Japan, China PMs meet in Milan despite shrine visit
Japanese Prime Minister Shinzo Abe shook hands with Chinese Premier Li Keqiang in Milan on Friday, reports said, despite a mass visit by Japanese lawmakers to a controversial war shrine in Tokyo.
Tokyo: Japanese Prime Minister Shinzo Abe shook hands with Chinese Premier Li Keqiang in Milan on Friday, reports said, despite a mass visit by Japanese lawmakers to a controversial war shrine in Tokyo.
The brief greeting and exchange of pleasantries, reported by Japanese press citing an official travelling with Abe, was the first time the two men have met, and comes as Japan continues to press for a summit with President Xi Jinping next month.
It is the latest sign of a gathering thaw in relations that have been in deep freeze for two years, since Tokyo and Beijing fell out over the ownership of disputed islands and their differing interpretations of history.
The meeting took place despite anger in Beijing over an offering made in Abe`s name at Yasukuni Shrine, a spot reviled by China and South Korea as a symbol of Japan`s militarist past, and as a cross party group of 110 parliamentarians paid homage there.
The visit was made to mark the start of the shrine`s four-day autumn festival.
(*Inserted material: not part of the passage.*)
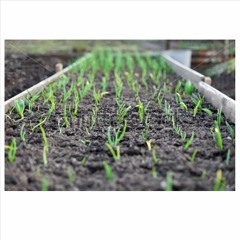 miinkaan  -  seedling bed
Abe, who sent a votive tree with his name and title prominently displayed, is thought unlikely to go even after he returns home Saturday from an Asia-Europe summit in Italy.
His visit in December last year infuriated Beijing and Seoul, who say the inclusion of senior war criminals among those honoured by the shrine makes it an insult to the grievous injuries Tokyo inflicted up to and during World War II.
China reacted with renewed anger on Friday.
"China is gravely concerned and firmly opposes the negative activities in Japan surrounding the Yasukuni Shrine," foreign ministry spokesman Hong Lei said in a statement.
"China would like to reiterate that Sino-Japan relations can only realise healthy and stable development when Japan seriously faces up to and repents of its aggressive past and disassociates itself with militarism," he added.
South Korea called the move "deplorable" and said it showed Japan was "ignoring voices of concern...in the international community".
Taiwan, a Japanese colony until 1945, also offered a rebuke, saying visits hurt "people`s feelings in neighbouring countries".
The 145-year-old Shinto shrine is the supposed repository of the souls of some 2.5 million citizens and soldiers who died in World War II and other conflicts.
They include senior figures in the WWII administration, such as General Hideki Tojo, who ordered the attack on Pearl Harbor.
Japanese nationalist politicians who go to the shrine feign innocence and claim there is nothing wrong with honouring war dead.
Hidehisa Otsuji, who led the group of lawmakers Friday, said it was only "natural" that they visit the shrine to offer gratitude to the people who sacrificed their lives for the nation.
"People in any country pay homage to those who died for the sake of their countries," he told reporters at the shrine.
The group went to Yasukuni during its spring and autumn festivals as well as on the August 15 anniversary of Japan`s surrender in World War II.
Every visit provokes a predictable reaction from neighbouring countries, although this is somewhat muted if senior administration figures stay away.
No ministers in Abe`s current government were seen at the shrine Friday, although health, labour and welfare minister Yasuhisa Shiozaki sent a tree offering, like Abe.
Japan`s top government spokesman Yoshihide Suga declined to comment on the prime minister`s offering, saying it was done in his capacity as "a private citizen".
Suga also said Abe and his cabinet would make their decisions on visiting the shrine independent of any other considerations, and insisted the ministerial no-show was not linked to to an upcoming international meeting in Beijing.
The prime minister is pushing for a summit with President Xi on the sidelines of APEC next month. The two have not met during their time in power.
He stayed away from Yasukuni this year, although he made offerings for the spring festival and on the war anniversary on August 15.
His visit in December 2013 drew not only anger from neighbours, but a diplomatic ticking off from the United States, a key ally, which said it was "disappointed" by the decision.